The continuous rotation electron diffraction (cRED) data were collected on the JEOL JEM-2100 transmission electron microscope (TEM, Cs: 1.0 mm, point resolution: 0.23 nm) at 200 kV using the instamatic script (https://github.com/instamatic-dev/instamatic). During the data collection, the goniometer was rotated continuously while the selected-area ED patterns were captured from the individual crystal simultaneously by a quad hybrid pixel detector QTPX-262k (512 × 512 pixels with the size of 55 μm, Amsterdam Sci. Ins.). To track the crystals during data collection, the diffraction patterns were defocused at the interval of every 10 frames, and an image was taken with a short exposure (typically 0.01 s) to check the crystal position. The rotation speed of 0.45°/s and rotation step of 0.23° were used for each dataset, and all the ED patterns were recorded with the spot size of 3 and exposure time of 0.5 s.

Data processing

The 3D reciprocal lattice was reconstructed using the software REDp47 (https://sites.google.com/view/xiaodong-zous-group/software/red), which was powerful for indexing and obtaining the reflection conditions. Data processing was conducted using the software package XDS48 (https://xds.mr.mpg.de/). As a large number of cRED datasets need to be processed, an automated data processing pipeline was used in this study, details of which can be found in our previous work43,44. Shortly, the data processing pipeline consists of a set of Python scripts, including functions for automatically running XDS on all the datasets, extracting the lattice parameters and integration statistics, and cluster analyses. XDS runs for all the cRED dataset folders containing the file XDS.INP. If the dataset can be indexed successfully, the lattice parameters and integration statistics are then extracted from the file CORRECT.Lp. Then, hierarchical cluster analysis (HCA) is performed to find the most common unit cell using the lattice-based clustering method and to select the optimal datasets for merging using the reflection-based clustering method. XSCALE (https://xds.mr.mpg.de/), one part of the XDS package, is used for merging the datasets and generating the .hkl files that are used for structure solution and refinement.

Ab initio structure solution and refinement

The SHELX49 (http://shelx.uni-ac.gwdg.de/SHELX/) software package was used for structural analysis, where SHELXT was used for structure solution and SHELXL for structure refinement.
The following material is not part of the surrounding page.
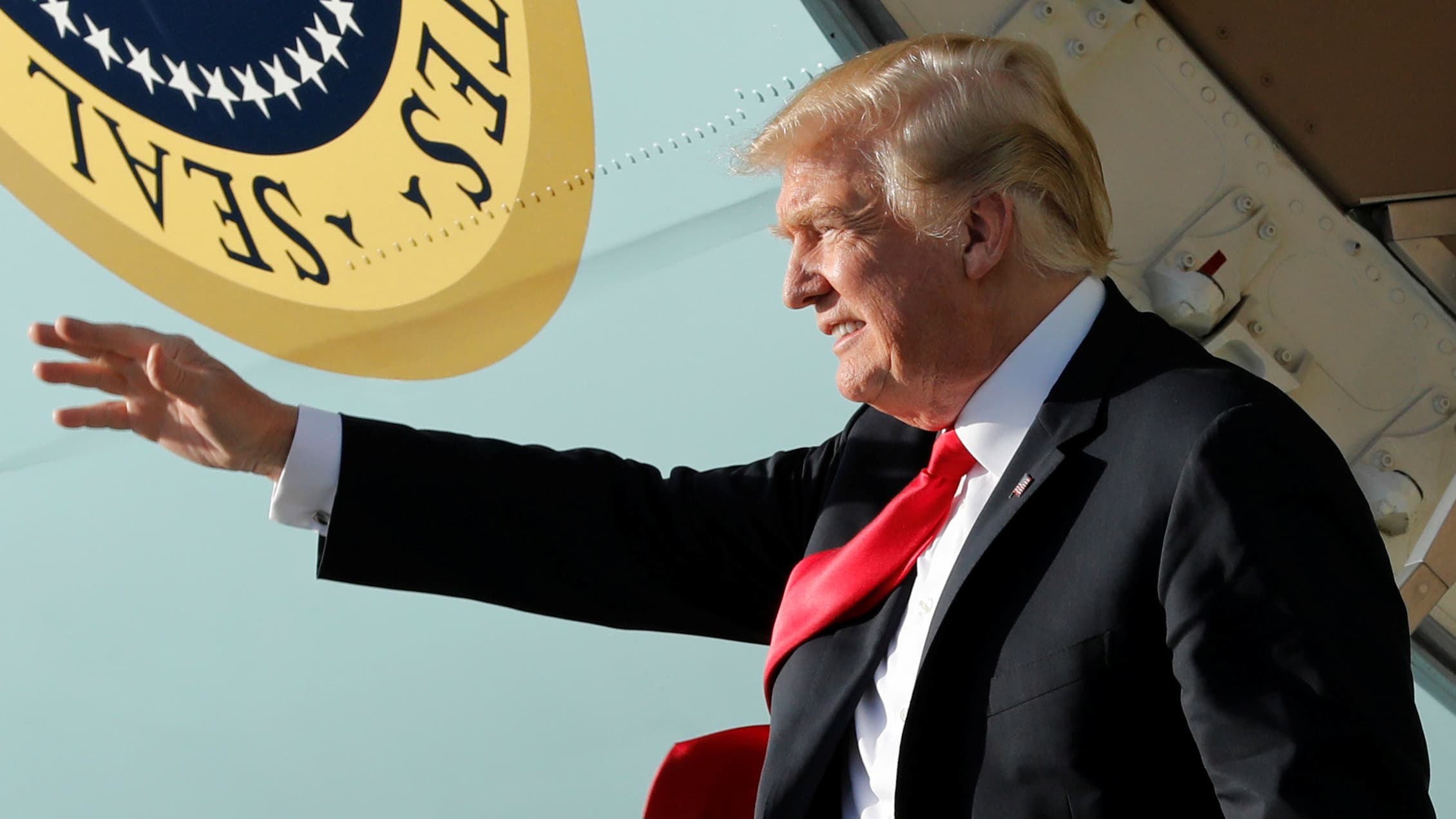 Donald Trump stands on the steps of Air Force One waving with the seal of the president to his right.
Atomic scattering factors for electrons based on the neutral atoms were used. All the atoms were refined anisotropically. DFIX constraints were used to maintain reasonable C–C and C–N distances during the refinement. PLATON/SQUEEZES46 (http://www.cryst.chem.uu.nl/platon/) procedure was conducted to deduct the diffraction contribution from the disordered guest molecules within the pores at the final stage of refinement for 3D-TPB-COF-Me and 3D-TPB-COF-OH.